Monday, March 26, 2007

Mainstreaming the Muslim Brotherhood by Patrick Poole


"The victory of Democrats in the recent elections has launched a silly season in Washington DC, where absurd ideas that would have been scoffed at this time last year now float on the Potomac breeze like so many cherry blossoms filling the Beltway air with their fragrance.
No better example could be offered for this phenomenon than the recent flurry of articles from foreign policy “realists” urging the Bush Administration to shift its policy and begin to dialogue with the Muslim Brotherhood, which is headquartered in Egypt but has affiliates in more than 70 countries, including the US. This position is best represented in an article in the current issue (March/April 2007) of Foreign Affairs by Robert Leiken and Stephen Brooke of the Nixon Center, “The Moderate Muslim Brotherhood”. They summarize their argument thus:

Even as Western commentators condemn the Muslim Brotherhood for its Islamism, radicals in the Middle East condemn it for rejecting jihad and embracing democracy. Such relative moderation offers Washington a notable opportunity for engagement -- as long as policymakers recognize the considerable variation between the group's different branches and tendencies.

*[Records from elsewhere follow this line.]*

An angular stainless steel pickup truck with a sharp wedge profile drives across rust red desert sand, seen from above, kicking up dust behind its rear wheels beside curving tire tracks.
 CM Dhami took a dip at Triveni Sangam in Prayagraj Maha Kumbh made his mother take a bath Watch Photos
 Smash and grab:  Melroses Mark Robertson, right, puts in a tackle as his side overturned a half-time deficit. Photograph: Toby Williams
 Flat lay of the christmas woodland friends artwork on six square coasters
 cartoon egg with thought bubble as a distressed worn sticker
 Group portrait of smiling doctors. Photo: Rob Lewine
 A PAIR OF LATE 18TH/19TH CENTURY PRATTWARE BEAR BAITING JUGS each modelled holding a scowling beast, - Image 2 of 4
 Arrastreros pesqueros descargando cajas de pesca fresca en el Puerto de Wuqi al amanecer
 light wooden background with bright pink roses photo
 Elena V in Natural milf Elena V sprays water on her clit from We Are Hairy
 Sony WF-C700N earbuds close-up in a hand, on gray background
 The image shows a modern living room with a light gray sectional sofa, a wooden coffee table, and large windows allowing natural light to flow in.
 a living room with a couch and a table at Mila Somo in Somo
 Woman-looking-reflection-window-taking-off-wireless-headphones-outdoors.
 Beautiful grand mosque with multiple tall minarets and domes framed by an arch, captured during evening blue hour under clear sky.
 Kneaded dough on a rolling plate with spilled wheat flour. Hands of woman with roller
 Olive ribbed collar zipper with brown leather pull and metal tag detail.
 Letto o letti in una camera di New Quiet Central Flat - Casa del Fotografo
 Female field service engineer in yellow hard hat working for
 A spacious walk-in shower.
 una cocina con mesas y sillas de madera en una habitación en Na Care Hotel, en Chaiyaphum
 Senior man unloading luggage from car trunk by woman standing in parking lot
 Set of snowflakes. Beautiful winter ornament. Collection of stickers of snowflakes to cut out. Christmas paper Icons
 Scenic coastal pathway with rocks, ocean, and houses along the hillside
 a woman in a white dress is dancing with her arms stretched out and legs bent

Admittedly, this is hardly the first time that so-called “progressives” have tried to shift the post-9/11 sentiment in favor of the Muslim Brotherhood. A September 2004 article in the Washington Post, “In Search of Friends Among Foes”, described the last major attempt at a policy shift led by State Department diplocrats while noting the Brotherhood’s public relations problems of being tied to extremist activity in the Middle East and the United States."